▶ **SUPPLIED DATA**
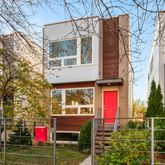 a view of a building with a red door and a porch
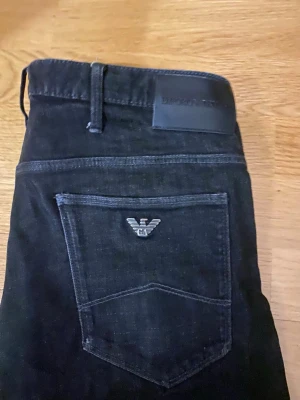 Svarta jeans från Emporio Armani - Snygga svarta jeans från Emporio Armani med klassisk femficksmodell och diskret logga på bakfickan. Jeansen har raka ben och är tillverkade i ett mjukt denimtyg som ger en skön passform. Perfekta för dig som gillar stilrena och tidlösa plagg.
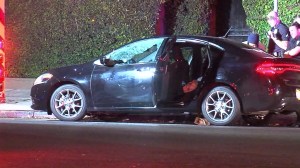 A car is seen after being shot at on Sept. 4, 2015, in South L.A. One person died as a result of the incident, according to LAPD. (Credit: OnScene) 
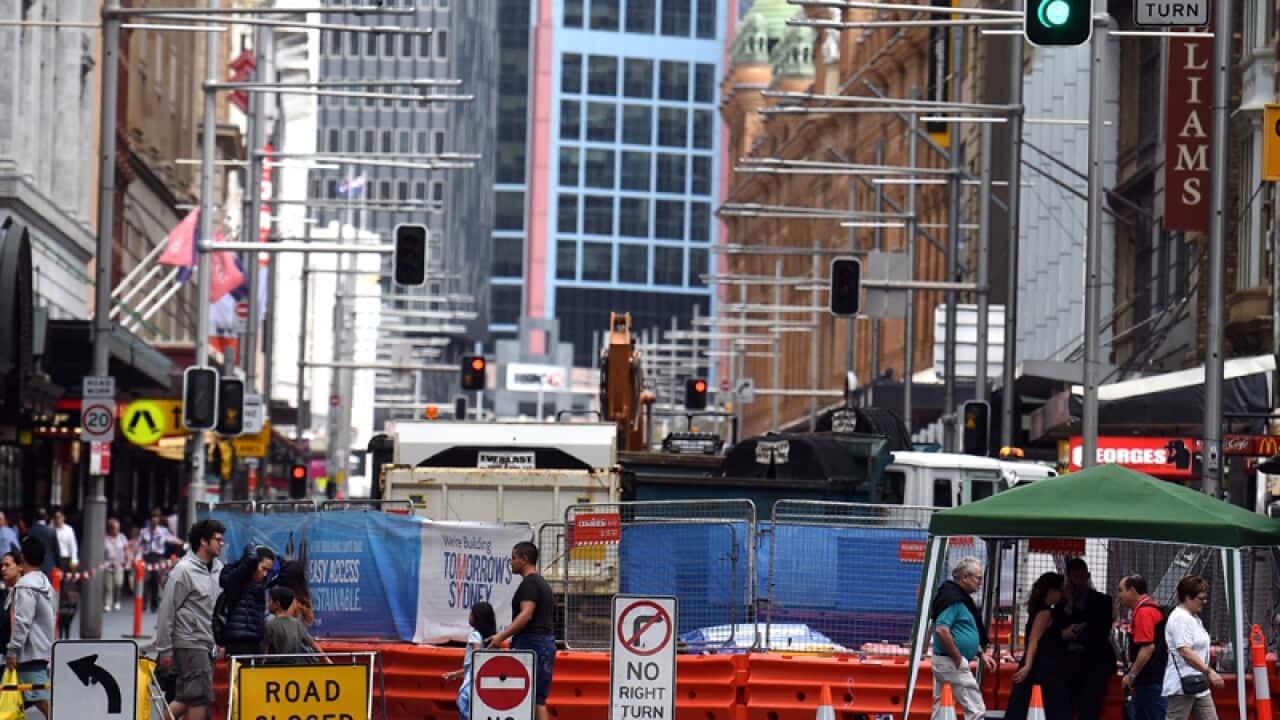 Pedestrians walk past a closed off George Street in Sydney's CBD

▶ **WORK REQUEST**
Word for word, repeat only the lines from the line containing "A car is seen" through the end of the data, without any pictures.

▶ **FINISHED EXERCISE**
 A car is seen after being shot at on Sept. 4, 2015, in South L.A. One person died as a result of the incident, according to LAPD. (Credit: OnScene) 
 Pedestrians walk past a closed off George Street in Sydney's CBD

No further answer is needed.